Unfortunately, the cox.zph() function doesn’t handle tt
definititions.
Overidentification
In an overidentified Cox proportional hazards model, where there are more predictors than events, the prediction interval for survival times will typically be wider than in a model that is not overidentified. This is because the uncertainty in the estimated regression coefficients is greater in an overidentified model, leading to wider confidence intervals for the hazard ratios.
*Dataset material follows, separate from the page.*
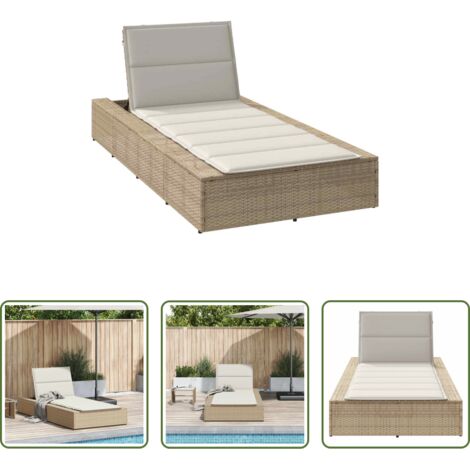 vidaXL Rattan PE -  Lettino Prendisole con Cuscino Galleggiante Beige in Polyrattan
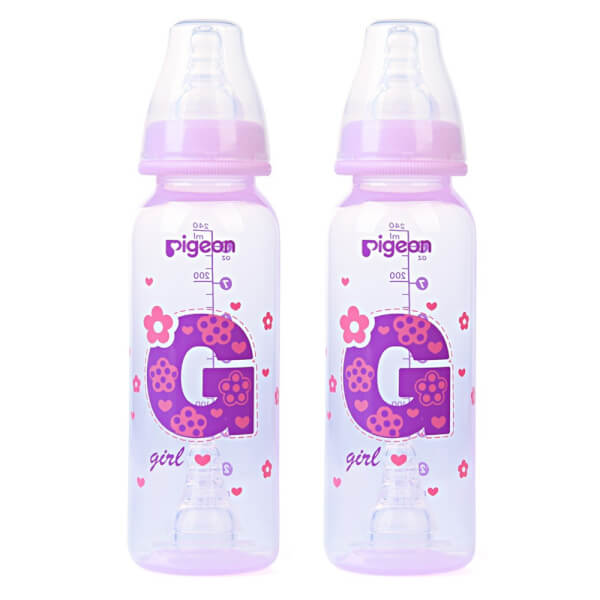 Combo 2 Bình sữa Pigeon nhựa PP BPA Free cổ hẹp bé gái 240ml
The prediction interval is a measure of the uncertainty in the predicted survival time for a given individual, taking into account both the uncertainty in the estimated regression coefficients and the variability in the baseline hazard function. In an overidentified Cox model, the prediction interval will be wider because there is greater uncertainty in the estimated regression coefficients, which in turn affects the predicted survival times.